I could give more examples, but it’s late and my martini glass is empty. Besides, regular readers see it here every day: The right seems to love a good debate, and the left seems to love pissing on them for it. I’m speaking in broad terms here, obviously, but in my experience the point remains.

That is the single biggest issue I have with the left these days. Granted, I still think they’re wrong on the issues, but one can and should be able to have a respectful disagreement on the issues without resorting to the sort of hyperpartisan crap that is currently poisoning American political discourse. The issues we face are far more complex, far more nuanced, and far more important than to be distilled down to either hatred of or support for one single individual. Yet the war in Iraq has become less about American foreign policy, democratization, weapons of mass destruction, intelligence failures, or anything else than it has been about being another stick to use in the flogging of the President.

No matter what the issue, everything on the left revolves around President Bush. Whatever substance their critiques may have, eventually it all boils down to the personal. It’s no longer about policies it’s about the person of George W. Bush. Our national political rhetoric has turned into a massive circle-jerk of ad hominem arguments. Just for once I’d like to see a substantive argument from the left without the pathological need to drag the President into the argument. I’d hold my breath for one, but I don’t think I can go without oxygen that long.

Greenwald is right, but his comments reflect more of a sense of projection than anything else. The left’s current identity is one of negation: all that is required is a passionate dislike of George W. Bush.

On January 20, 2009, George W. Bush becomes part of history, and when that day comes, what will the left stand for?
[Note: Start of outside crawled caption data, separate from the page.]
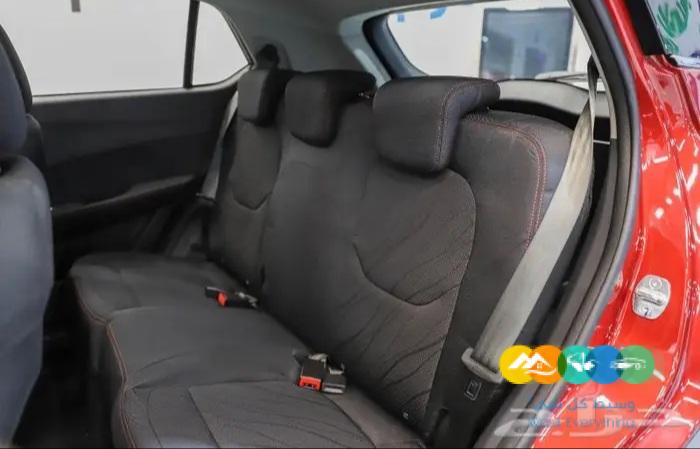 شيفروليه جروف 2023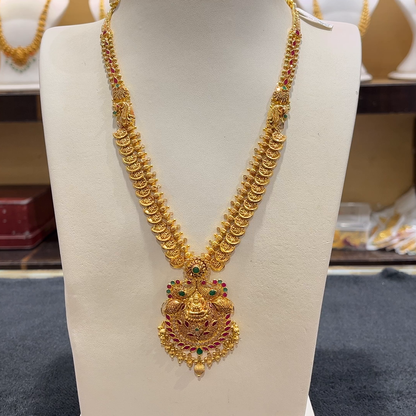 [make to order] 39.33gms HARAMS 22K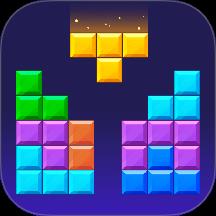 方块解压馆游戏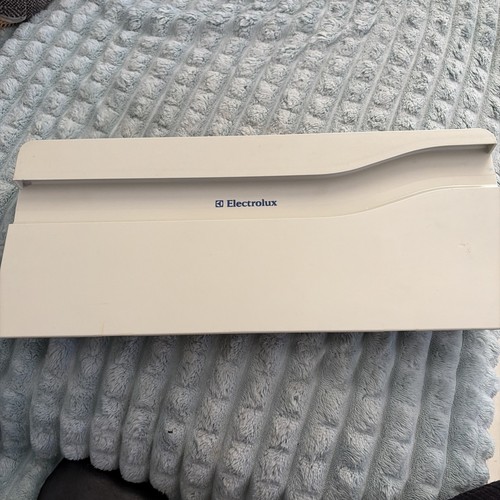 Electrolux fridge frizer - electrolux,
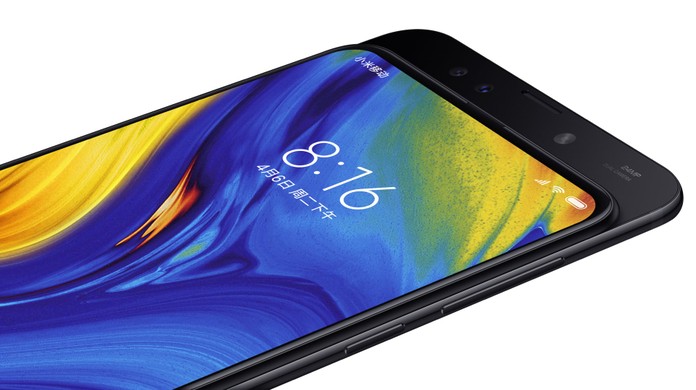 Conheça Xiaomi Mi Mix 3, o celular chinês com câmera deslizante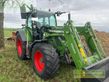 Tractor agrícola - Fendt - 516 vario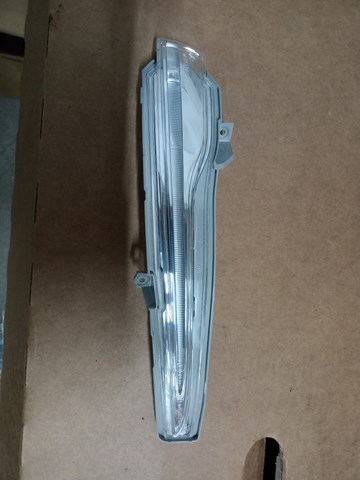 0999067401 Mercedes luz intermitente de retrovisor exterior derecho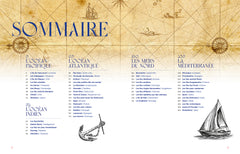 Atlas des îles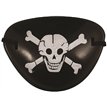8CM PIRATE EYE PATCH  96S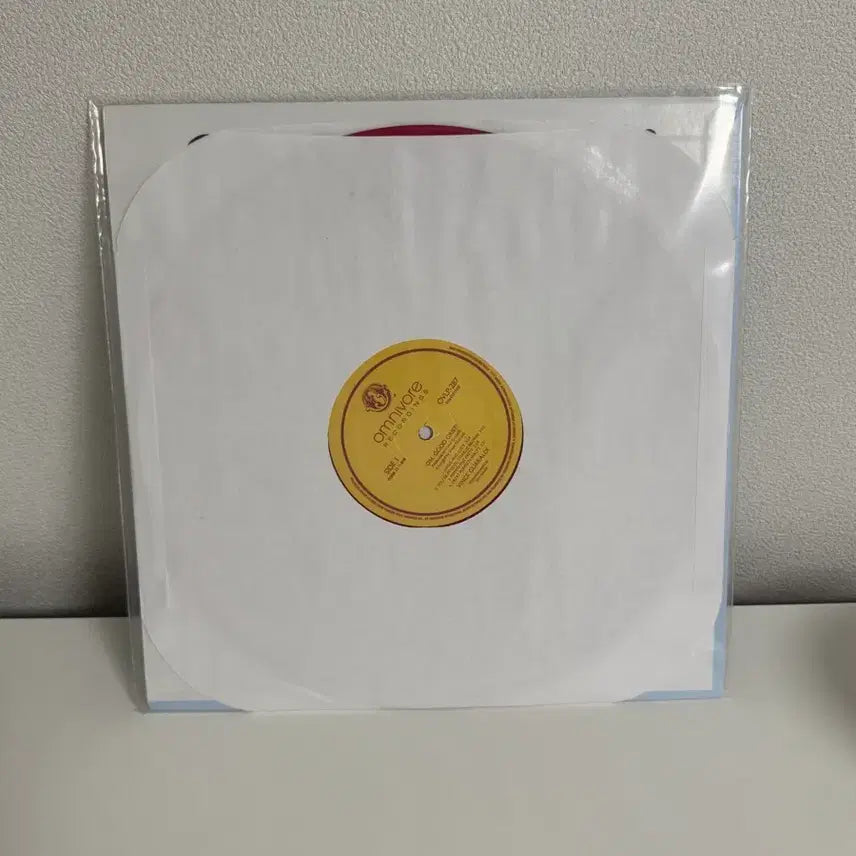 [BUNJANG] Vince Guaraldi Oh Good Grief LP / vince guaraldi oh good grief LP 빈스 과랄디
When one’s entire ideological basis becomes inextricably enveloped in the singular hatred for one man, where does that ideology stand when that man becomes irrelevant? The anti-Bush side better start asking themselves that question now, because unless they want to be full players in the marketplace of ideas in this country they’d better have an answer before that day comes.

3 thoughts on “Identity By Negation

  1. Your argument is, just like it was the previous 742 times you’ve made, dumb. George Bush is a figurehead for a very powerful administration that consumes thousands of individuals directly and millions indirectly. When “the Bush administration” is criticized on any number of justifiable fronts, it’s seldom the man PERSONALLY being attacked by the collective ideology of his morbidly obese TEAM. I seldom if ever participate in useless personal slams against Bush’s speech issues because they’re pointless and irrelevant. However, his undistinguished and potentially criminal personal background is fair game for drawing policy comparisons….just as it was for Bill Clinton a decade ago.

    I doubt you’ll find a liberal in the country who sees George Bush as the single problem obstructing their agenda….and you know that. It’s just your partisan ploy to caricature Bush’s critics as driven by blind hatred for him and him alone since saying so (in your case, over and over and over and over) makes Democrats look foolish. Ultimately, however, it simply makes you look foolish. Approximately 60% of Americans disapprove of Bush’s job performance, many of whom do not hate Bush personally or view him as the king of evil. By suggesting that the opposition party’s criticisms of his ADMINISTRATION’S POLICIES AND PRACTICES are all personal attacks, you further push away independents with similar concerns and criticisms who don’t wish to be told they’re full of hate simply because they dissent.

  2. Sorry, Mark, I can’t agree with you there. When they’re on TV or otherwise on their best behavior, a few members of today’s left can just manage to contain themselves long enough to muster a few facts or arguments. But that’s basically window dressing. They hate the man.

    He is purpose-built for their hatred because he seems to present, in one package, everyting the left loathes. He’s religious. He speaks with a Texas twang, not a nasal Ivy League whine. He uses words like “evil,” which have been expunged from the vocabulary of moral equivalence.

    The irony is that a lot of what they’re reacting against is purely symbolic. If leftists were actually liberals, and not flaming loonies, they’d see that GWB is one of them using the Republican party for protective coloration. No one could be a stronger champion of open borders and illegal immigration. No one could overtake him in vote buying through pork barrel budgets. He is as liberal as you like in using the military for armed social work in the Middle East. What’s not for a good liberal to like?

  3. Rick, sounds like if anyone is full of hate, it’s you towards “liberals”. And it seems as though we’ve been through this before, but George Bush’s support for open borders and illegal immigration comes from a far different perspective than the limousine liberals who support similar legislation. Bush sees immigration as a means to a colonialized American labor force immune from participation in the very political process where its fate lies in the hands of. Not exactly what “liberals” have in mind when they foolishly call for open borders. As for pork barrel projects, that’s the nature of representative government no matter which party gets in. Unless Tom Coburn is cloned 534 times and elected to every Congressional district in the country, pork barrel budgets continue as far as they eye can see.